The snap on wrist rest is a nice addition from the box. It's comfortable and easy to detach whenever not needed.
Comfort with the keys depends on what kind of
Cherry MX switches the keyboard has. The Elite comes in three variants: red,
blue, and brown. The unit we received for review arrived in red, which is the
perceived norm of what gamers prefer. Keyboards with red switches don't need a
full press of the key in order for it to register. If you're a typist, you
might want blue switches because you need to press the key all the way down for
it to register (it also has that "clicky" sound, which typists find fulfilling).
Jump to brown switches instead if you don't like the loud clicking sounds.
The WASD and 1-2-3-4 keys are replaceable with HyperX's silver textured keys.

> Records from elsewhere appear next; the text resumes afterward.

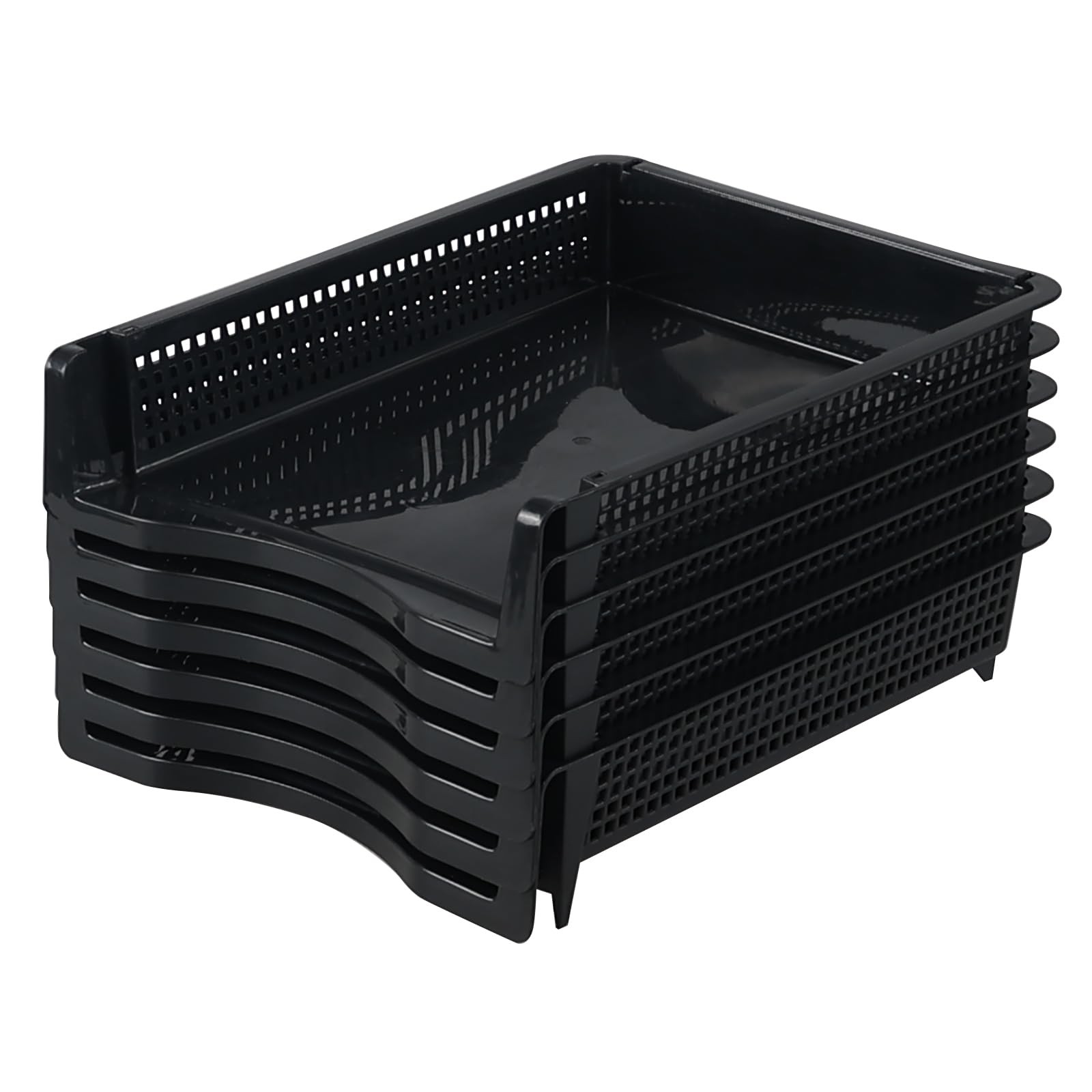 6 PCS Black Stackable Plastic Desktop Document Paper Sorter Bin Holder Tray Rack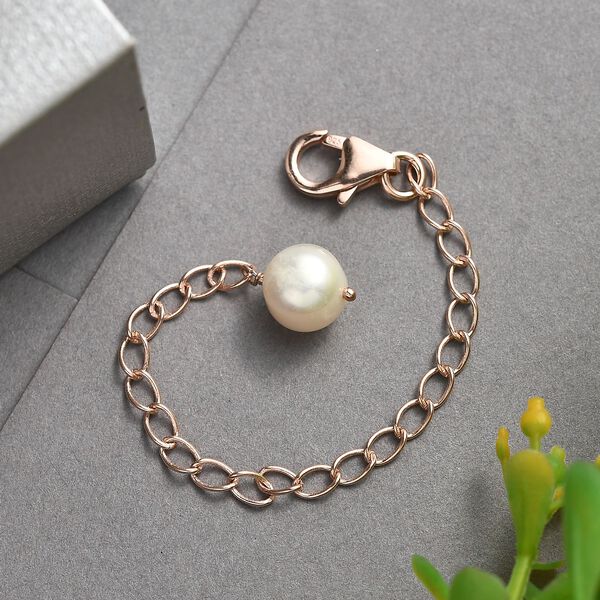 S&uuml;&szlig;wasser Perle Extender mit Karabinerverschluss, 925 Silber 750 ros&eacute;vergoldet image number 1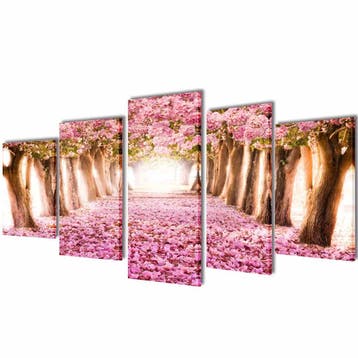 vidaXL Canvas muurdruk print set kersenbloesem 100 x 50 cm, Huis en Inrichting, Verzenden, Nieuw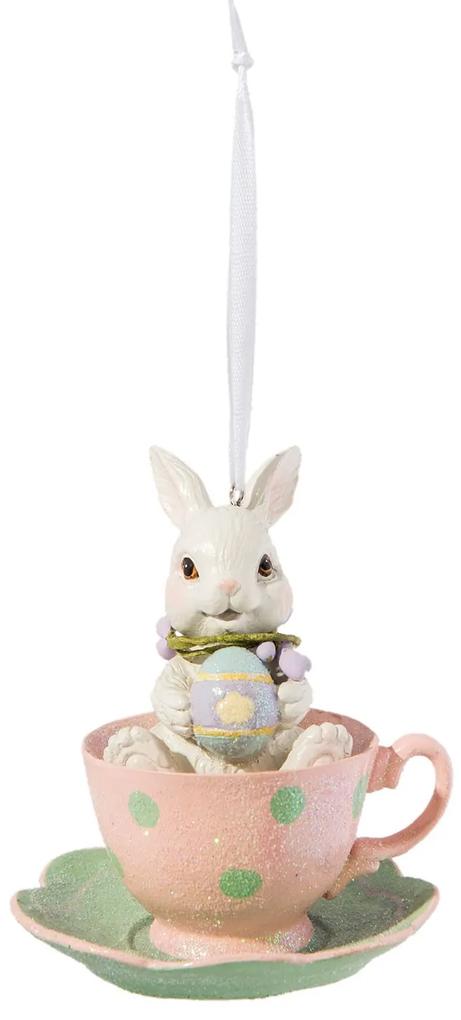 Závesná veľkonočný dekorácie zajačik v šálke - Ø 9 * 11 cm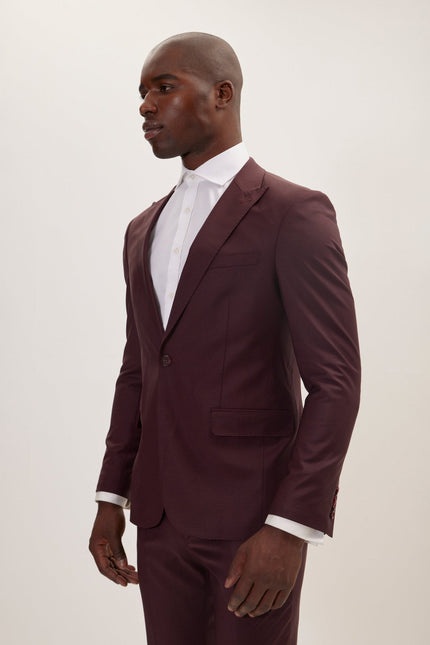 Men's Italian Super 120s Merino Wool Single-Breasted Suit - Burgundy | Ron Tomson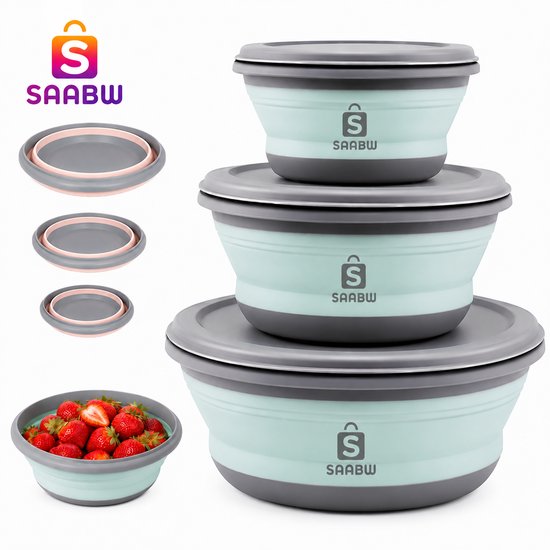 Opvouwbare Siliconen Vershoudbakjes Set van 3 met Deksel – Inklapbare Voedselcontainers 300ml, 600ml en 900ml – BPA-vrije Lunchbox Bewaarbakjes voor Keuken en Reizen – siliconen vershoudbakjes – voedselopslag containers – reis lunchbox – 77918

The changes go far beyond aesthetics, as the slight elevation and texture can be felt while gaming.
It is now easier to control the Elite's red backlight. A dedicated button can be found on the upper left part of the keyboard that can switch to six different lighting modes. New to the keyboard is a light bar with another dedicated button that controls its intensity.
The media keys in the upper right part of the keyboard are a welcome addition. It's fun to toy with the volume roller, even when you aren't using it to change your audio levels.
The HyperX Alloy Elite doesn't come with software that allows further customization. I'm not against this, as it tells me that HyperX is dedicated to giving consumers a strong gaming experience from the get-go. More control over the bling and additional neon colors would be great, but that's just me nitpicking at the small things.
This leads me to believe that the Alloy Elite is targeted to those who want a more plug-and-play experience. The absence of Macro keys contributes to this, which is a shame since the Elite feels like a great pierce of hardware for MOBA games.
The Alloy FPS had stood out among our favorite mechanical keyboards. The Alloy Elite has easily topped that with slight design adjustments and the inclusion of media keys. The light bar looks good and the wrist rest allows you to cool down during long loading times. On top of that, the Elite is a little more affordable compared to its competitors. Those extra few bucks you save could get you several loot boxes from Overwatch.